Nous pouvons par ailleurs déceler dans certaines contributions une approche éminemment géographique, où espace et parole sont intrinsèquement liés, invitant même à une réflexion sur une géographie du langage, un champ encore peu exploré. À ce sujet, deux articles ont particulièrement retenu notre attention. Afin de redonner pleine parole aux sourd·e·s, Mélanie Joseph crée un espace dans lequel ils pourront pleinement s’exprimer, loin de la marginalisation quotidienne de leur langue. À travers son analyse du roman de Williams, Samantha Lemeunier met quant à elle en évidence les effets du territoire sur le langage et nous propose une véritable cartographie de la parole en crise.
Conclusion
Ce premier numéro, consacré aux « prises et crises de la parole », invite le lectorat à un voyage dans le temps et l’espace. Les contributions du numéro montrent que la question de la crise est tout aussi centrale que celle de la parole. Elles mettent en exergue ce que produit une situation de crise sur une prise de parole, et inversement, comment cette dernière peut conduire à une situation de crise ou à sa résolution. Le langage est loin d’être un objet figé que l’on intériorise passivement, il est vivant, évolue et se recompose au fil du parcours des locuteur·trices qu’ils ou elles soient fictif·ves ou réel·les. La parole est ainsi un message que l’on prend, reprend, reporte ou rapporte.
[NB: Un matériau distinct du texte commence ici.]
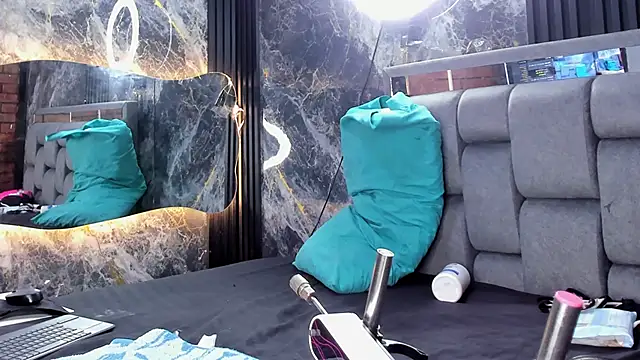 Couple_Gold69 webcam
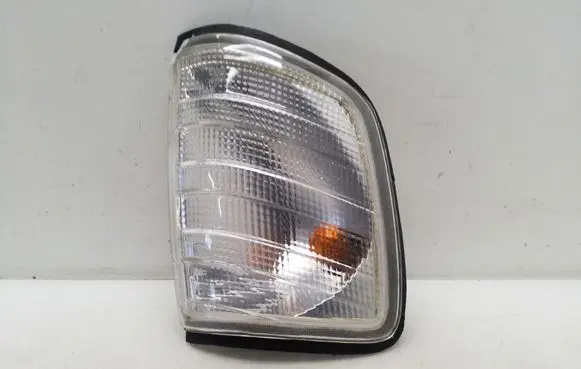 Mercedes-Benz E W124 Front indicator light 183289B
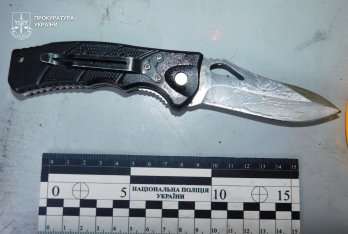 Випадкові перехожі у Львові врятували 56-річного чоловіка з ножовим пораненням – 01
L’étude du rôle de l’interprète dans des situations de crise diplomatique montre que la parole est ici salvatrice. La figure d’intermédiation est aussi très présente dans la recherche. La parole orale ou écrite que le ou la chercheur·e sélectionne, analyse et restitue est précieuse et ce travail doit se faire dans le respect des locuteur·trices. Enfin, ce premier numéro montre que la recherche sur la parole ouvre des champs de réflexion et des espaces de parole et de discussion transnationaux, multilingues et pluridisciplinaires. La dimension géographique de la parole et du langage est transversale à toutes ces contributions, offrant des pistes de réflexion complémentaires à l’appel initial. La richesse des objets et des matériaux présents dans ce numéro ouvre ainsi vers des perspectives plus larges sur la force de la parole, qu’elle soit critique, en crise ou apaisante.